While thinking about all the connections and references to blogging this past week, I also got to thinking about connections in general. Camelia recently posted, “Beating about Splitting Hairs.” A play off Bent’s post, “Kerouac times.” Here she mentions the new Bob Dylan film, I’m not There, as possible material for her new course. Well, if you missed the Supberbowl last Sunday then you missed the half-time show featuring Tom Petty and the Heartbreakers. I’m not sure how it may relate to her course, but Tom Petty was a fellow member of George Harrison’s fantastic Traveling Wilburys, along with of course, Bob Dylan. Harrison referred to the Wilburys music as, "that Americana type of stuff." Here’s the first part to a little documentary on the Wilburys. Part 2. Part 3.

Coincidentally, I had also just finished watching the history of Brian Wilson’s Smile. One of the themes behind Smile was an obsessive transatlantic competition between the creative forces of Wilson and the Beatles. Smile is incredible. Too bad Wilson never made his version of an American led British Wilburys.

Responding to Bent’s “Kerouac times,” the director of a new Kerouac film, seemingly came out of nowhere to leave a comment, i.e., “hype his film.” You can read more about the film here. I'm looking forward to it.

Bent has also graciously invited the AC to tag along his course, "The Beat Generation Revisited". Read more.

Well, this post has reached “the end of the line”. So to conclude, here’s the Traveling Wilburys,

Tuesday, February 05, 2008

Democratic Global Primary


A few weeks ago I registered to vote in the first ever Democratic online global primary, which began today.

I received the following email yesterday in my inbox;

Dear Stuart,

Thank you for choosing to participate in Democrats Abroad's historic online Global Presidential Primary. Here's what you need to know to cast your vote.

HOW
Go to www.xxxx
Your Ballot Number: xxxx
Your Personal Identification Number (PIN): xxxx

Additional information will be requested to authenticate your identity.

WHEN
You can log in and vote anytime between Tuesday, February 5 at GMT+13 and Tuesday, February 12 at GMT-10.

PAPER TRAIL
You will be asked to print a copy of your ballot before you logout. We encourage you to do so.

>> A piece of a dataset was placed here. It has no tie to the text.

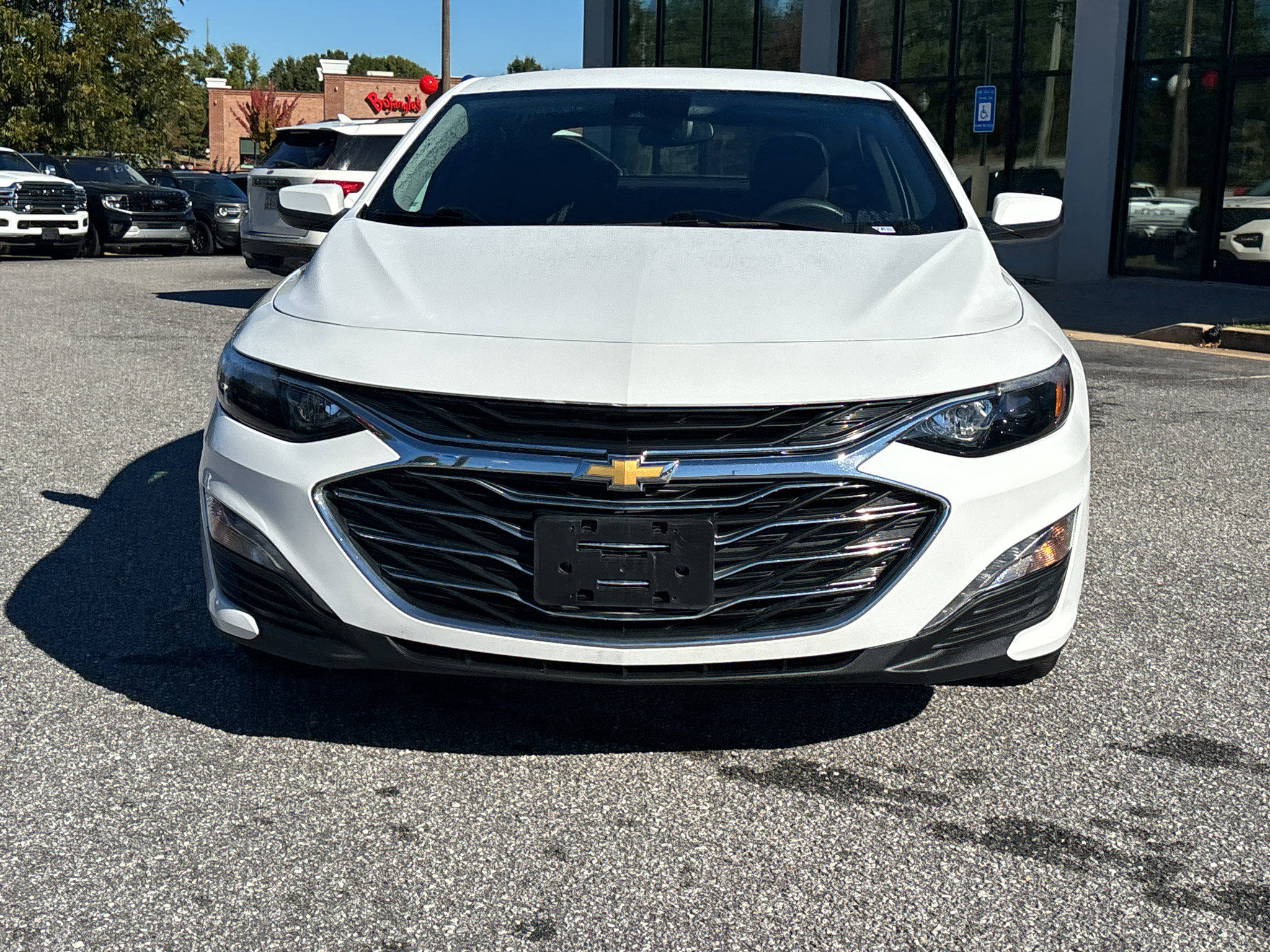 Used 2025 Chevrolet Malibu LT FWD image 2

First, I share this with you because it is historical, well, sort of. In 2000, "the Arizona Democratic Party turned its primary into the nation's first legally binding online election."

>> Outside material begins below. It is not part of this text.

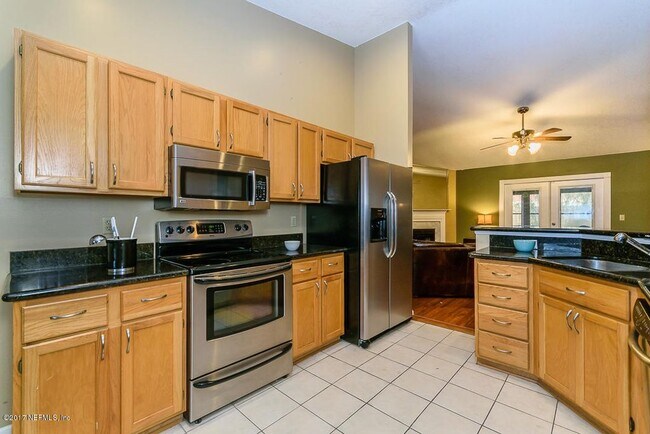 Building Photo - 13613 Las Brisas Way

I'm not sure how online voting could be handled in a general election, or if it would even be desirable. However, this is definitely a step forward for the Democratic Party. This is after all only a vote within the party by party members. Democrats Abroad is a closed primary.

It was satisfying to cast a vote for my candidate, who despite suspending his campaign, remains on the ballot. I was also happy that I didn't have to take the train to CPH.

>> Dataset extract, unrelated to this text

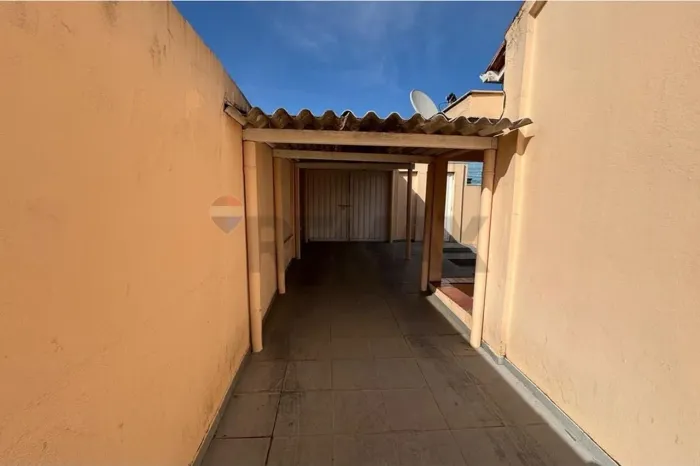 Casa & Ponto Comercial à Venda na Vila Brasileira e Coronel Peroba, Itatiba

While online voting may not be a practical solution in general elections, the Democratic Party's efforts to broaden participation in the democratic process are commendable. The party has also recently launched the new Democrats Abroad website which contains powerful online social networking and communications tools. The National Party website by comparison, has not been updated and remains woefully stuck in 1999.

Thinking about future party elections, I'd like to see the party adopt IRV for the 2012 primaries. Then, perhaps some of the "little guys" (or gals) might have a chance of representing the Party in a general election. IRV won't be an election issue this year. But the Youtubes are screaming and the political establishment is taking notice.

[UPADATE: Feb. 6, 17:49] Record Democratic turnout continues to be one of the major stories of 2008. The global primary following the same trend, Americans literally crawling out of the woodwork to vote overseas. It seems Arizona is the only primary thus far in which Republican turnout was higher than Democratic turnout. In Massachusetts, the Democratic advantage was nearly 3 to 1. Yes, Massachusetts is a fairly liberal state but Republicans just didn't turn up for their home town hero Romney.
Compare 2008: D 1,230,00 v. R 480,000
to 2000: D 571,000 v. R 502,000.

Also, it's no surprise expat Dems are voting overwhelmingly for Obama. He would naturally appeal to both ideology and identity for most liberal, cosmopolitan Americans living abroad.